O trabalho arquitetônico de ampliação e restauro do Museu do Ipiranga foi idealizado por uma equipe de 12 profissionais do escritório H+F Arquitetos, com consultoria de outros seis. A proposta venceu um certame em que eram 13 candidatos. Quanto tempo foi necessário para elaborar o projeto de reforma?

Quando participamos do concurso de projetos, a equipe era essa que você citou. A licitação exigia um trabalho qualificado, com base técnica, naquilo que está sendo proposto. Era muito interessante como processo de contratação de projetos públicos. O projeto vencedor foi escolhido por um júri de fora, por especialistas em patrimônio e da USP, o que fez com que as decisões mais difíceis – como escavar, por exemplo – fossem transparentes desde o início. O tempo de execução do projeto foi de um ano e meio, que é um tempo bem curto para um projeto que envolveu prospecções no prédio para investigar a estrutura. Tivemos 20 equipes contratadas por nós, cada equipe com cerca de 10 pessoas. Ou seja, o projeto envolveu em torno de 200 pessoas.
  

Quais foram as principais referências usadas no projeto?

As referências são muitas, mas uma muito importante foi a do próprio prédio original, projetado pelo arquiteto italiano Tommaso Gaudencio Bezzi (1844-1915), que é muito interessante, com várias peculiaridades. Tinha uma estrutura arrojada para a época em que foi feito, com uma técnica construtiva que em grande parte vem da Itália. Tem grandes arcos de tijolos estruturais, que não são vistos de fora. As estruturas são muito sofisticadas – não era comum em São Paulo uma estrutura desse tamanho, com uso de ferro e de madeira, além desses tijolos. Uma das coisas que quisemos fazer foi permitir às pessoas poder ver essas estruturas que antes não eram acessíveis e são muito ricas em técnicas construtivas. Isso é uma referência — conhecer é uma parte importante da preservação. Aliás, intervimos bastante. Além do prédio, também buscamos referências em vários museus importantes, que enfrentaram esse mesmo problema que o Museu Paulista, que precisava ampliar o prédio. Vale lembrar que ele não foi construído para ser museu. Então faltava espaço de acolhimento de público – chegada, guarda-volumes, auditório, banheiro, etc. Tem o Museu do Louvre, que é uma obra sempre lembrada como referência, pois também teve uma ampliação feita no subsolo. Mais recentemente, teve uma obra no Neues Museum, de Berlim, na Alemanha – outra ampliação que acolhe público e amarra com as construções existentes. Em paralelo com a ampliação, tem o projeto de restauro, que procurou revelar e trazer à tona as características mais marcantes da construção original. É um trabalho importante porque você vai despojando o prédio de tudo aquilo que ele foi ganhando com o tempo, às vezes com interpretações erradas do que ele tinha sido.  Tem também um trabalho de remoção de tintas.

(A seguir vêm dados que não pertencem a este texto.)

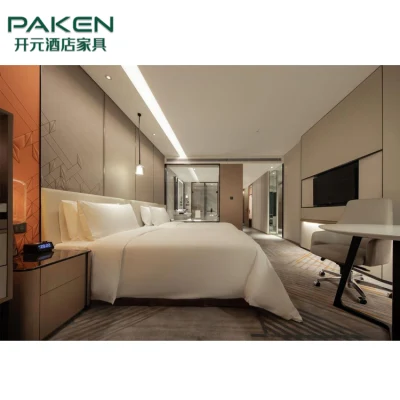 Muebles Paken Foshan Venta directa de fábrica del proveedor de personalización de aceptar cooperó con Wyndham &amp; Hotel Crowne Plaza y de la marca Hilton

O escritório H+F Arquitetos já tinha participado de uma licitação desse tipo?

Sim, tínhamos feito alguns projetos. Mas, antes desse, participamos de um concurso de um museu que não foi construído ainda, mas é importante na área cultural. Trata-se de um casarão na Avenida Paulista (Palacete Joaquim Franco de Mello, construído há 117 anos) que está abandonado e vamos requalificar e ampliar. É um projeto do governo estadual de São Paulo que ainda não saiu do papel, para abrigar uma instituição voltada para a diversidade sexual. Já existe uma instituição que trata disso no governo, mas que ainda não tem um espaço de representatividade pública à altura do tema. Participamos do concurso e o projeto trata de questões parecidas, numa escala menor: é uma construção antiga que precisava de uma ampliação e reconfiguração de sua infraestrutura e a execução está sendo feita.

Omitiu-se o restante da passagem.